= Shenyang (singer) =

Chinese bass-baritone singer (born 1984)

Shenyang (沈洋 (Shěn Yáng); born March 20, 1984) is a Chinese bass-baritone singer. His repertoire encompasses operatic roles, chamber music and Lieder recitals.

Shenyang was born in Tianjin, the son of professional musicians, but did not start singing until the age of sixteen, after his voice broke. He took inspiration from recordings of the German Lieder singer Hans Hotter. At age nineteen, he entered the Shanghai Conservatory of Music, where he studied with Zhou Xiaoyan at the Zhou Xiaoyan International Opera Center.

At the Conservatory, in early 2007 he attended a masterclass given by soprano Renée Fleming. She arranged vocal coaching for him that spring at the Metropolitan Opera in New York, and he went on to win the 2007 BBC Cardiff Singer of the World competition. After the win, noting confusion in the Western press over the name "Shen Yang", he decided to change its spelling to "Shenyang".

Subsequently, he entered the Metropolitan Opera's Lindemann Young Artist Development Program and the artist diploma program at the Juilliard School. He gave the Juilliard's 2009 Alice Tully Vocal Arts Debut Recital, in which he sang a program in tribute to Hans Hotter, marking Hotter's centenary. His debut at the Metropolitan Opera came in April 2009, as Masetto in Don Giovanni.

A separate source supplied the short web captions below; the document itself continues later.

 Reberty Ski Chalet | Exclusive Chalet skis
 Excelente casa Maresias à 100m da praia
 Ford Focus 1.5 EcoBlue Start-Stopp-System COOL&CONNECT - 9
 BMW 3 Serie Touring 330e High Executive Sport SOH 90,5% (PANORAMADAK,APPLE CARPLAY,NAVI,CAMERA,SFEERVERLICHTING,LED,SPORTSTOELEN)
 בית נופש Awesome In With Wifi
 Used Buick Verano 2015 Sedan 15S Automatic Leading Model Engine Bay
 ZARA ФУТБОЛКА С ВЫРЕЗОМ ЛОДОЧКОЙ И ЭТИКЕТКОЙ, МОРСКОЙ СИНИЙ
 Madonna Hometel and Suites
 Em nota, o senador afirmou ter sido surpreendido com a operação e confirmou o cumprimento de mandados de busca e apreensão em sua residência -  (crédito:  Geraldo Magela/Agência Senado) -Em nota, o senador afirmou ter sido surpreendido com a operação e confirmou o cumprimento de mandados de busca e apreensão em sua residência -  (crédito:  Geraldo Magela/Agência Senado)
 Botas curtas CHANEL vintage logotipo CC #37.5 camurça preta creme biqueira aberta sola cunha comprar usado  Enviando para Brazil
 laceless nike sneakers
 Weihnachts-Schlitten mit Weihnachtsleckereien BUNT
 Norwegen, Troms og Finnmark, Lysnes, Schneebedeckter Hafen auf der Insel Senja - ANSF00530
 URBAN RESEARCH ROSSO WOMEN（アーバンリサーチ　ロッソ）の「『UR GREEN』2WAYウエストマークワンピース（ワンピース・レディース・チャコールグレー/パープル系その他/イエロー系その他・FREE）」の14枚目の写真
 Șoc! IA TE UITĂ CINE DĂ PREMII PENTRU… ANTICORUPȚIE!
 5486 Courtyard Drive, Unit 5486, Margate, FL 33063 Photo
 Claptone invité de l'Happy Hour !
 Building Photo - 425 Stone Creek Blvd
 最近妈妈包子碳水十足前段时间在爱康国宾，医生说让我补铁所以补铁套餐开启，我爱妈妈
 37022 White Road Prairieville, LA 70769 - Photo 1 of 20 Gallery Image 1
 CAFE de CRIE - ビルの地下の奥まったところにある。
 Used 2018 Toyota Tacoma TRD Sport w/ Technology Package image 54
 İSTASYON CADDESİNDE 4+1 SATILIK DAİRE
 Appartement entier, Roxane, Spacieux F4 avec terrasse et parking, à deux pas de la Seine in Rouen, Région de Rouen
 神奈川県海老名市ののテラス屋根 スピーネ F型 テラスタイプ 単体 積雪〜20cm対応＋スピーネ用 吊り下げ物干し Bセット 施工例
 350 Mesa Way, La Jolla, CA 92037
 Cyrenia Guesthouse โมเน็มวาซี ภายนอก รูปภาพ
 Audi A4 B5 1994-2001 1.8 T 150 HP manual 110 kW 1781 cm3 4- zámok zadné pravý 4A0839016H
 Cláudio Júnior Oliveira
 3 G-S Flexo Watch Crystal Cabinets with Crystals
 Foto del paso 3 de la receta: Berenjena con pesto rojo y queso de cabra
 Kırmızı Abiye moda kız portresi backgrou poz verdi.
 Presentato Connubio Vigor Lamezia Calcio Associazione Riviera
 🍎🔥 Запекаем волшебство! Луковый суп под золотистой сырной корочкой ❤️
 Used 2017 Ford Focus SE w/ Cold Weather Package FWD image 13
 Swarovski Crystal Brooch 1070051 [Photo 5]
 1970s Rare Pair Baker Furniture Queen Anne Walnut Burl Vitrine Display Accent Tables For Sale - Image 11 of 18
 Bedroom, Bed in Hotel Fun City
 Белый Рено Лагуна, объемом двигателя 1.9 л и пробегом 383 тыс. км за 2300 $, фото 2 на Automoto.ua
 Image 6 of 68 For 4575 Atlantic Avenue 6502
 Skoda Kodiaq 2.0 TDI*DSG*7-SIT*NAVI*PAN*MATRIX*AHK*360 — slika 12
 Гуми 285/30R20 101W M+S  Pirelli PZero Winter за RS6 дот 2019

He sang the role of Colline in La Bohème at the Met in February 2010.

Other awards he has won include a Borletti-Buitoni Trust Award in 2008, and Montblanc New Voices at Saint Petersburg's White Nights Festival in 2010.

In May 2011 he made a return visit to Shanghai to give a recital of Chinese art song at the Shanghai Grand Theatre, at which he declared his intention to promote that repertoire.